WORK REQUEST: Transcribe the listing below exactly, leaving out each image.

DATA SEGMENT:
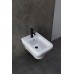 Allen Brau Infinity Биде подвесное 35,5x53x28,5h см, цвет: белый 4.21014.20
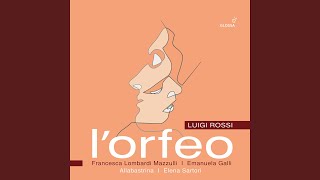 LOrfeo Act III Scene 1 O gran forza [upl. by Yves]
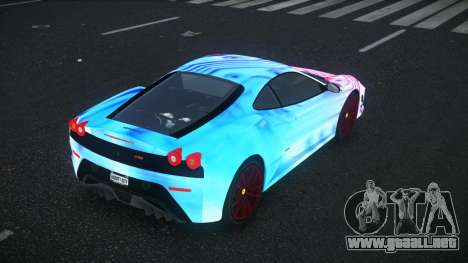 Ferrari F430 Casaly S9 para GTA 4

ANSWER AREA:
 Allen Brau Infinity Биде подвесное 35,5x53x28,5h см, цвет: белый 4.21014.20
 LOrfeo Act III Scene 1 O gran forza [upl. by Yves]
 Ferrari F430 Casaly S9 para GTA 4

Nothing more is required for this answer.